In New York, the law says that landlords have to keep units at a certain temperature between October 1st and May 31st. Many don’t. So many don’t that the city’s Department of Housing Preservation and Development receives 200,000 complaints a year. Only a fraction ever result in a landlord being fined.

The 20th-century solution involves tenants keeping temperature logs by hand, which are then confirmed by a housing inspector or brought in as evidence in housing court. But there could be a better way.

Enter Heat Seek NYC, a system of sensors designed by alums of the Flatiron School that automatically takes the temperature in a frigid apartment and generates a temperature log to be used as evidence. The system won $20,000 in the city-sponsored BigApps competition Tuesday night for being the best product in the “Live” category. Heat Seek NYC also earned an extra $5,000 for being judged the best “connected device” and was dubbed the winner of the 311 Connect challenge for integrating data from the city’s 311 line.

(Source: Heat Seek NYC)

Heat Seek NYC is a system consisting of one “hub” and multiple “cells.” Each has a temperature sensor inside, and hardware that lets them communicate with each other and share one Internet connection. (If no apartments in a building have an Internet connection, the system can connect via 3G.) Each cell is placed in a different apartment. They automatically turn on, connect to the network, and take a temperature reading every hour, recording them online. The team says it’s a far better solution than handwritten logs, which landlords often challenge in court.

New Yorkers are taking notice. Though the sensors are only in prototype form thus far, the Heat Seek NYC team has gotten positive feedback from tenant advocacy groups like CASA (Community Action for Safe Apartments), and Mayor Bill de Blasio, who sat in on a Heat Seek presentation last week, said he was “absolutely moved” by the product. (He also called the name “badass.”)

Heat Seek NYC is also wrapping up a successful Kickstarter campaign.
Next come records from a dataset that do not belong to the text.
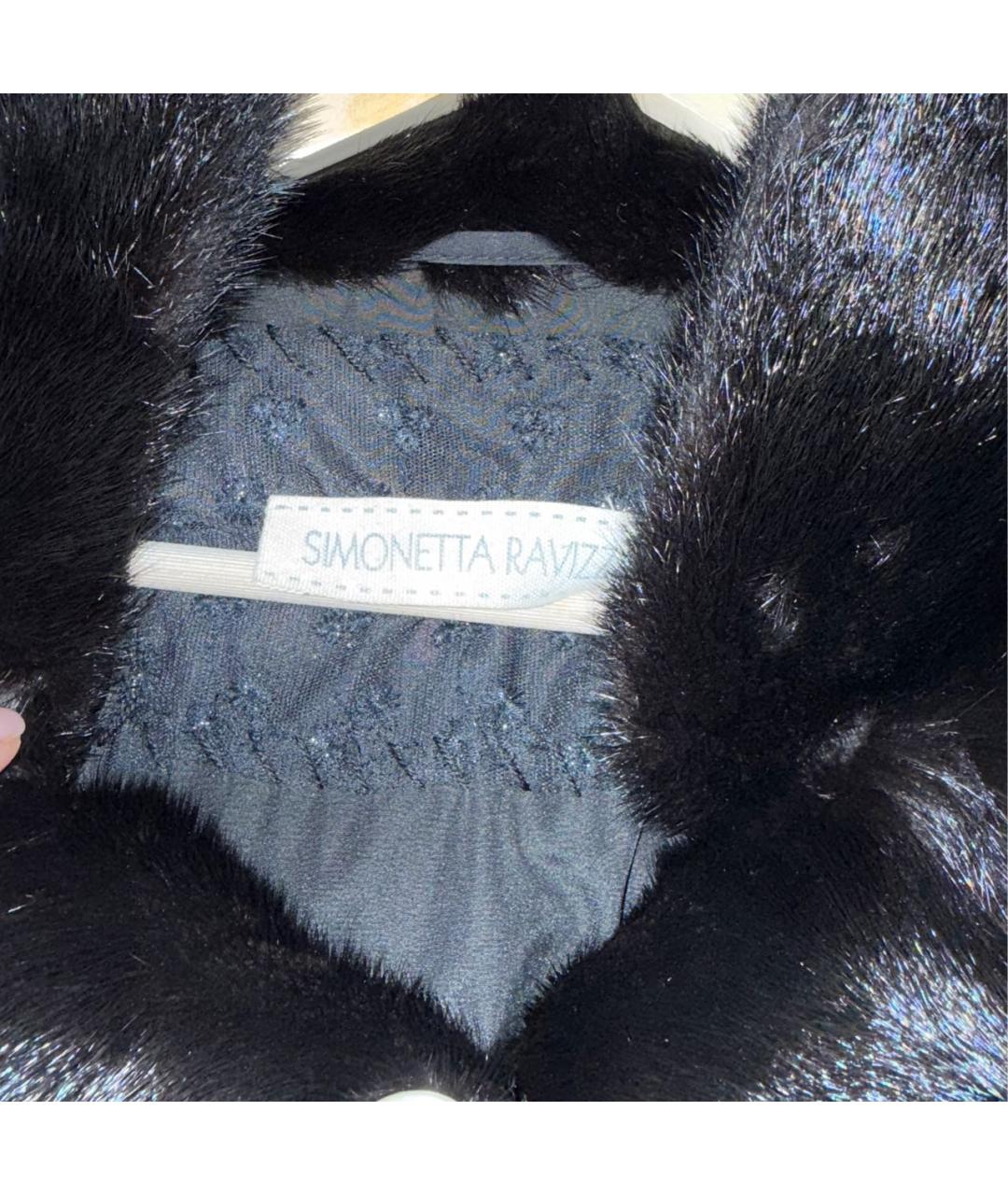 SIMONETTA RAVIZZA Черная меховая шуба, фото 8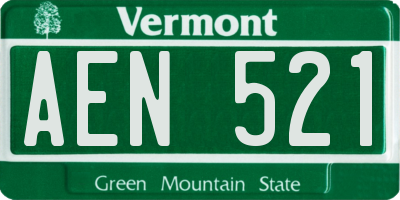 VT license plate AEN521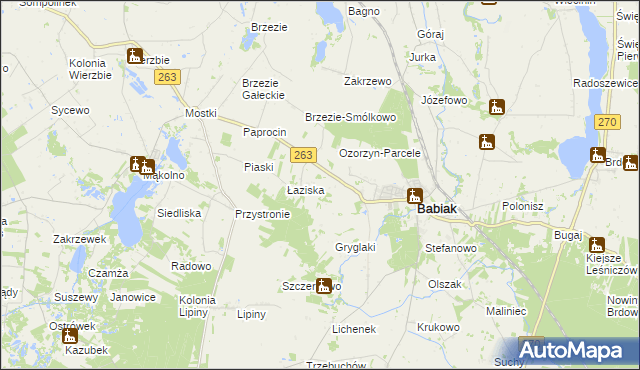 mapa Wawrzyny gmina Babiak, Wawrzyny gmina Babiak na mapie Targeo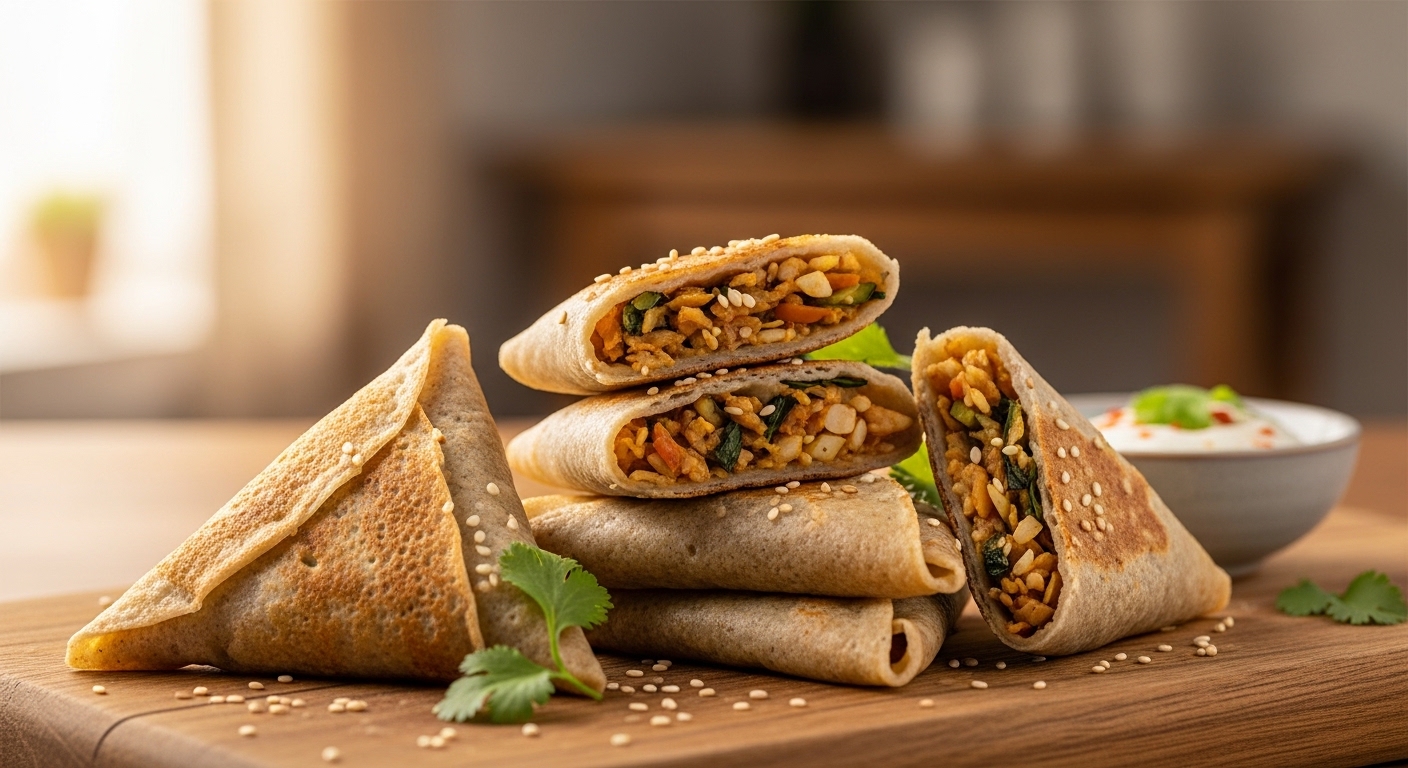 Samoussas de crêpes légères au sarrasin : recette savoureuse et saine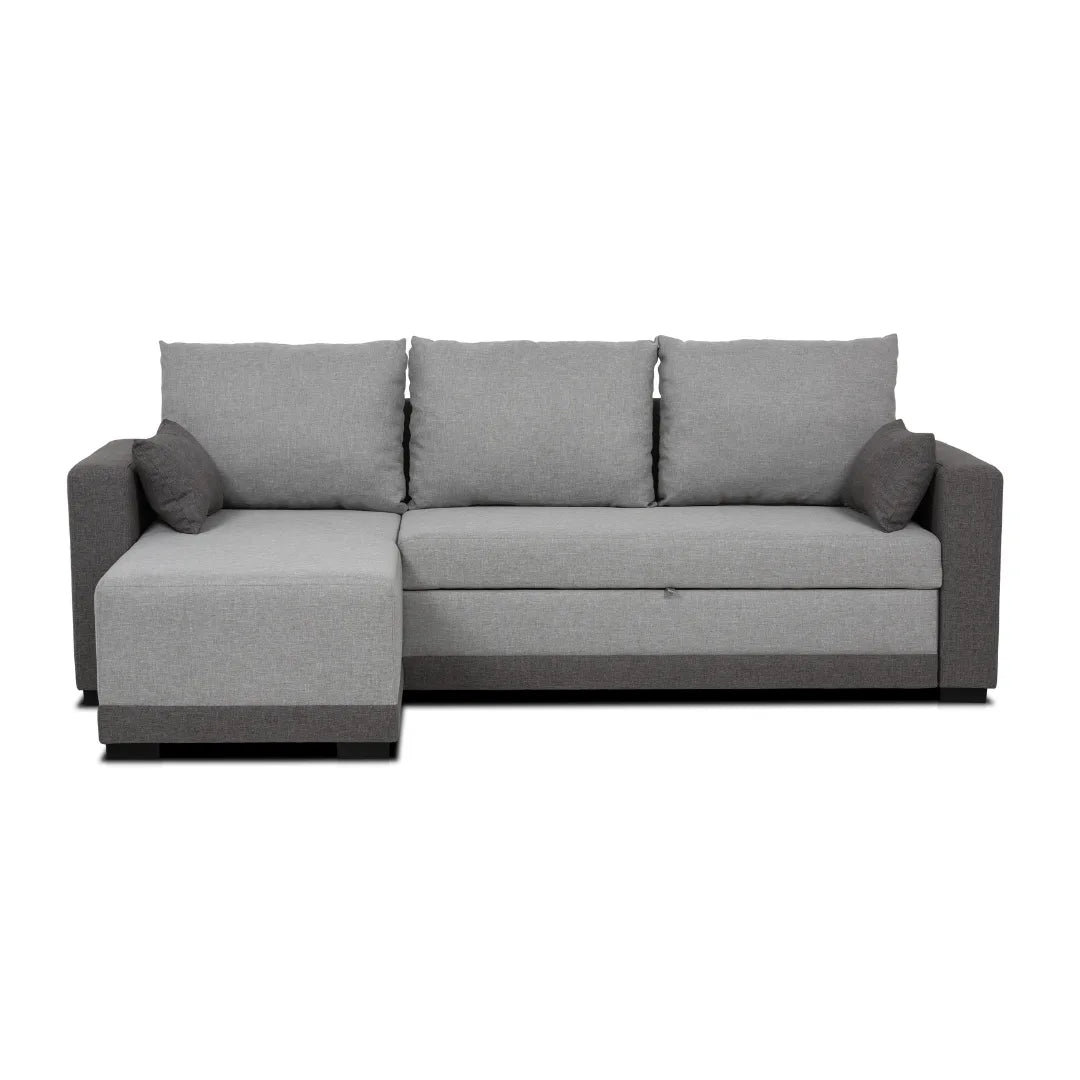 Sofá cama com chaise longue reversível bicolor LEAH - Gato Preto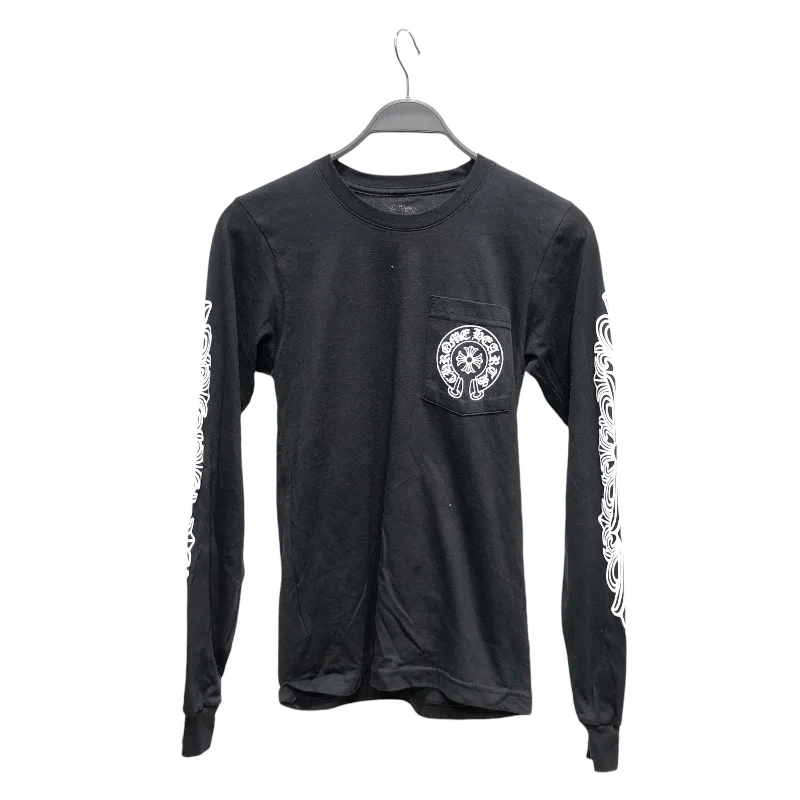 CHROME HEARTS/LS T-Shirt/XS/Cotton/BLK/Graphic/HORSESHOE BACK PRINT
With those funds plus the funds from NYC BigApps, the team hopes to have 1,000 sensors installed in tenants’ apartments this winter.

So far, they’re not making much of a profit, if any. The hardware costs just under $30 for a cell and a little less than $60 for a hub, and that’s what the team has been asking for on Kickstarter. But when they move into mass production and replace some of the costly off-the-shelf parts with cheaper ones, the cost should drop.

“Eventually,” says co-founder William Jeffries, “this product will be purchased by the city — or if not them, then a non-profit organization.” Either would “make the product sustainable,” aka pay the salaries of the Heat Seek team and create a profitable company. “In the short run, we’re not concerned about profit, we’re concerned with helping,” Jeffries says.

What remains to be seen is whether the logs will hold up in court. Community outreach lead Noelle Francois says she expects Heat Seek will have to testify about Heat Seek in housing court this winter if and until a precedent is set that its data is reliable. The team is also hoping that its data can be used to ease the burden on the city’s housing inspectors, by at least giving them clues about which units need urgent follow-up, but HPD so far hasn’t committed.

The team is set to begin logging data in multiple buildings in the Bronx later this month in partnership with CASA, so it won’t be long before New Yorkers find out if this proof of concept has legs.

The Works is made possible with the support of the Surdna Foundation.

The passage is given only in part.